Go to the link for the full story.

Human Interest: Crude By Rail

Link to The Dickinson Press.
Because of the lack of pipeline alternatives to move oil to refineries, when the North Dakota Oil Patch began to explode a few years ago, energy companies turned to moving much of their crude by railway.
One of the largest railroad transportation companies in the U.S., BNSF Railway has stepped to the plate as the Oil Patch has played a key role in the country’s push toward energy independence.
And then more:
“BNSF has been hauling Bakken crude out of the Williston Basin area for over five years,” BNSF executive Dave Garin said earlier this year. “In that time, we have seen the volume increase nearly 7,000 percent, from 1.3 million barrels in 2008 to 88.9 million barrels in 2012. We see this trend continuing.”
BNSF is connected to 16 of the top 19 oil-producing counties in central and western North Dakota, but petroleum isn’t the only resource being shipped via railroad, ....
“For 2012, we will invest an estimated $86 million on maintenance and rail capacity improvement projects in North Dakota,” McBeth said. “BNSF hauls more than 40 percent of Bakken production.
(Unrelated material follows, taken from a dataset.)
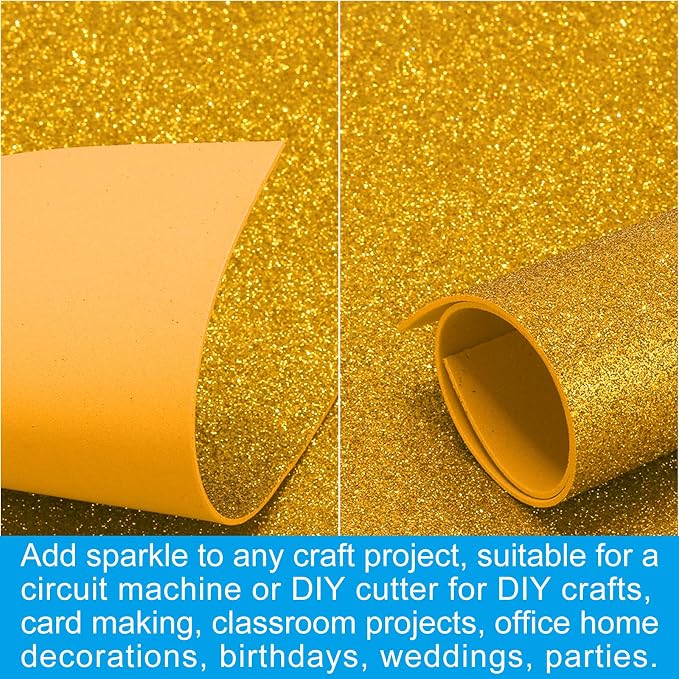 PATIKIL 2mm Thick Non Adhesive Glitter Foam Sheet 16x24inch Gold Tone, EVA - Image 5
In addition to oil, BNSF hauls inbound materials needed for each new well, such as sand and pipe.”

Don't Even Get Me Started .... Union Clerks On Strike -- Won't Accept $195,000 Offer --- These Are Clerks -- It's Not The Money -- It's Jobs For Their Kids

Link to LA Times. And then read what they are striking over. Meanwhile ships headed to Los Angeles ports are diverting to competing ports.
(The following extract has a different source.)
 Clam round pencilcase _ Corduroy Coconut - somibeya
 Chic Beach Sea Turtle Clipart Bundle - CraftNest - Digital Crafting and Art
And, I will be re-posting all the non-Bakken stories, so folks coming here for the Bakken may have to scroll down. The Bakken stories are clearly marked.

Other links today:

Oh, by the way, it's snowing in Boston! Hurrah for global warming. Global warming predicted increased precipitation.
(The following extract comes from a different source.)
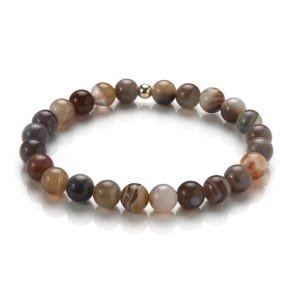 Botswana agate bracelet - gemstone bracelet - agate bracelet 8 mm - pearl bracelet natural tones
Baby, Please Come Home, Darlene Love

Don't forget to check out the incredible Sky Spy photos of North Dakota at KQCD; photos taken by your neighbors. 

Plan to raise estate tax not universally accepted, WSJ. The big question: how will Ms Heitkamp vote? If she is lucky, the deal will be done before January 20, 2013. From the Williston wire yesterday:
A record 634 North Dakotans reported incomes of more than $1 million on their 2011 individual tax returns; up from 532 in 2010; largely due to royalties paid to mineral owners by oil companies. Average adjusted gross income in North Dakota increased from $53K in 2010 to $61K in 2011.
And then, speaking of raising estate taxes -- the North Dakota family farms. Cue up Connie Francis.

AARP, huge supporter of ObamaCare, opposes Medicare cuts, WSJ. Cue up Connie Francis.